I decided to come to BU in the fifth grade when I took a trip to Boston and fell in love with the city.  I don't even think Google was around back then, but I know when I got home from that trip I did an AOL search or whatever I used at the time and looked at the BU website.  It was pretty much in my head from that point that BU was going to be where I went to college.  By the time I finished high school I was conscious of the advice of counselors and others and considered a bunch of schools.  Ultimately, I only applied to BU and the University of Rochester (which I can't even imagine having gone to).  I wanted to come to Boston because I loved the city, I was following the Red Sox religiously, and I was excited about taking courses in the Core Curriculum, since I thought it might give me the kind of education that  I felt I was missing in my high school.

When I came for Orientation, I remember one of the deans giving us a short pep talk in which he said we had come there to build the minds that we would live in for the rest of our lives.  My memory often fails me, particularly with quotes, but that one stands out brilliantly clearly in my mind. Studying in the Core Curriculum for two years felt like a continuation of that project that the dean charged us with.  My first humanities professor was a friendly yet wacky man and I learned some interesting things in his class, particularly about religion.  But in my sophomore year, I took an honors class with a professor who really inspired me and the experience was amazing since it was an opportunity to learn from and interact with a truly brilliant person.  Much of what I learned in that class really did change my brain and my mind forever.

But that only accounts for four classes that I took out of 32 or so.  Four of those classes without a doubt helped build the mind that I wanted to live in for the rest of my life.  Plus the four or so classes I took during the study abroad time in Padova.  That experience more than anything was the most intensive learning experience of my life: meeting new people, learning a language and culture, traveling, taking classes in subjects like film and writing that I would not have tried at BU.  That also helped build the mind I wanted to have.

The rest of my education doesn't feel like it was part of that same project but rather a different parallel goal.  I studied econ. and each class felt like it was just rehashing the same examples and providing a little color and detail to the picture I got from Intro level classes.  In fact, I believe that I've learned less about economics from BU courses than from following Marginal Revolution and other econ blogs, which I still check daily.  Ironically, I first learned about the blog from a professor that I had taken a class with.  While that deserves recognition, I think the credit is due more to the relative strangers writing their blogs than it does to the teacher with whom I took two classes.
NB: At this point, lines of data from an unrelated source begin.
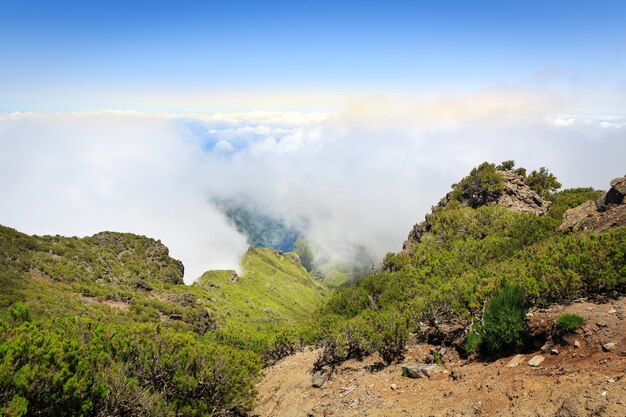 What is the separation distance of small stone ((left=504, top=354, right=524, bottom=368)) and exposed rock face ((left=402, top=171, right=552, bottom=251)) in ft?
149

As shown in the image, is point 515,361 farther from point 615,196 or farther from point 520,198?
point 520,198

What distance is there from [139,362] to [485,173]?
6355 centimetres

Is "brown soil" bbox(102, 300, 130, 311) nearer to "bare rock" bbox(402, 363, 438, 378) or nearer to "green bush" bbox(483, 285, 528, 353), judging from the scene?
"bare rock" bbox(402, 363, 438, 378)

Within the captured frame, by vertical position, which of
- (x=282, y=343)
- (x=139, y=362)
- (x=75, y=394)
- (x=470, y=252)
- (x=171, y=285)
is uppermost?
(x=75, y=394)

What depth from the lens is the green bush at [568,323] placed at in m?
13.1

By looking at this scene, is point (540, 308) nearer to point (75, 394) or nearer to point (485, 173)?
point (75, 394)

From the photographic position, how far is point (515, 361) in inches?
538

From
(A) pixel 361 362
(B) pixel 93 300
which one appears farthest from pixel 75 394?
(B) pixel 93 300

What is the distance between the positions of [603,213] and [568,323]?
804 inches

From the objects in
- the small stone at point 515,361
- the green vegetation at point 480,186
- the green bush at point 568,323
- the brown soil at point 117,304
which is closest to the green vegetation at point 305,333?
the green bush at point 568,323

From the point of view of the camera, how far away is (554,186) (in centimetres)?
6366

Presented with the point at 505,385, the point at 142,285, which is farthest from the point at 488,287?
the point at 142,285

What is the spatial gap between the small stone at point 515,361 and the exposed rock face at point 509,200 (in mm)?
45505

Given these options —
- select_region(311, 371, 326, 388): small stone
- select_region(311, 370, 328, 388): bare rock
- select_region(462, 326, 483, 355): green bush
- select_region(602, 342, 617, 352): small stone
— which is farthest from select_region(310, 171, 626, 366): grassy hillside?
select_region(602, 342, 617, 352): small stone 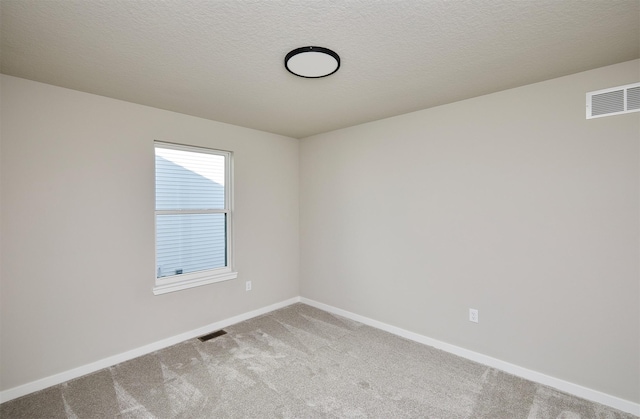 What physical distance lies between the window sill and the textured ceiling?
1.83m

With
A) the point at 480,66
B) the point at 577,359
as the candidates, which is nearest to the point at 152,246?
the point at 480,66

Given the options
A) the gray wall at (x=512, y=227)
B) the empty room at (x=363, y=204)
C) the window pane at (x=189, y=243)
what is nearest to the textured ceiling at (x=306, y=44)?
the empty room at (x=363, y=204)

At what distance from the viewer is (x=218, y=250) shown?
3.59 m

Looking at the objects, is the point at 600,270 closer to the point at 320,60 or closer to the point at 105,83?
the point at 320,60

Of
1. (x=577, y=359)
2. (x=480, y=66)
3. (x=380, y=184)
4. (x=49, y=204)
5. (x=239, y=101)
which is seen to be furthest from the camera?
(x=380, y=184)

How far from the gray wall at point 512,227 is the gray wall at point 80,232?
1.95 meters

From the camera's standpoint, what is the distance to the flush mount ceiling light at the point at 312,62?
184cm

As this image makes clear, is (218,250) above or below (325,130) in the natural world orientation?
below

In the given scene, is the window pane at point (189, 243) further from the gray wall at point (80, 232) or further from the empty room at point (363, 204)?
the gray wall at point (80, 232)

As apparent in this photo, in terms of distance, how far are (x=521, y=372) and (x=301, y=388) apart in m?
1.82

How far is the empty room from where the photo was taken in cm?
173

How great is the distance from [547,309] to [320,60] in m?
2.56

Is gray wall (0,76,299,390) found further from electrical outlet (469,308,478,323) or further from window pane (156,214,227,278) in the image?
electrical outlet (469,308,478,323)


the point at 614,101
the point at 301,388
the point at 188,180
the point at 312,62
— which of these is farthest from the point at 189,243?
the point at 614,101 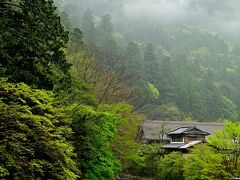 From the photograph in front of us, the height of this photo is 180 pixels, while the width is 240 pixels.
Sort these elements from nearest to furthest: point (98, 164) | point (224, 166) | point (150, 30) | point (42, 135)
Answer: point (42, 135)
point (98, 164)
point (224, 166)
point (150, 30)

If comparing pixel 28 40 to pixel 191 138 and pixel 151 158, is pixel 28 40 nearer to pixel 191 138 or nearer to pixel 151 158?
pixel 151 158

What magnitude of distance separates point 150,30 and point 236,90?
44.6 m

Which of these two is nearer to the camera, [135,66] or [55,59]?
[55,59]

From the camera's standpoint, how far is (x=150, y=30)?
12362 cm

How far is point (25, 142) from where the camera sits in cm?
785

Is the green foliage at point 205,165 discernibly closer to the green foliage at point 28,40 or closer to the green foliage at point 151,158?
the green foliage at point 151,158

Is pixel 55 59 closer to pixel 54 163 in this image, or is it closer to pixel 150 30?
pixel 54 163

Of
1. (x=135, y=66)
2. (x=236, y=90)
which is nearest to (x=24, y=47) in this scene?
(x=135, y=66)

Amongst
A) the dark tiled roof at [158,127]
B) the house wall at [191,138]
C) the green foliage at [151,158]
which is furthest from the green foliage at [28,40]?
the dark tiled roof at [158,127]

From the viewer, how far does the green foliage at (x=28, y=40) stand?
981 cm

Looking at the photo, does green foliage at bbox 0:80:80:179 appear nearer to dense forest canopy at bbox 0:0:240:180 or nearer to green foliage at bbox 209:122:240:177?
dense forest canopy at bbox 0:0:240:180

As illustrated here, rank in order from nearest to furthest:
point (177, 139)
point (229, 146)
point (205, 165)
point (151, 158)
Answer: point (229, 146) < point (205, 165) < point (151, 158) < point (177, 139)

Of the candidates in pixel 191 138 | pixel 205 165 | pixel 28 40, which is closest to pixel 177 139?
pixel 191 138

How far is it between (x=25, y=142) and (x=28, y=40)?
3334 millimetres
Today, I'm working as a teacher and this question of how valuable college was in building the mind that I want to live in comes up for me because a) I have an effect on my own students and 2) I have to make a decision on whether to pursue a Master's degree, even when the Master's program that I started through TFA was a strong reminder of how so many classes at BU failed to really inspire me or leave me with some knowledge that I really valued.  In the end, I think I'll do the Master's program but more because it is an important step in a professional career, not because I don't think I could learn this information elsewhere.  I'm sure there are blogs, sites and books that could teach me how to be better at my work.  In fact, I read many of them already.  So the question now is what to do: just do a degree because it will help me get ahead or try to carry on the project that the dean charged me with at freshman orientation and keep building the mind that I want to live in.  The one thing I do know about my time at BU, is that it gave me the ability to learn and think for myself.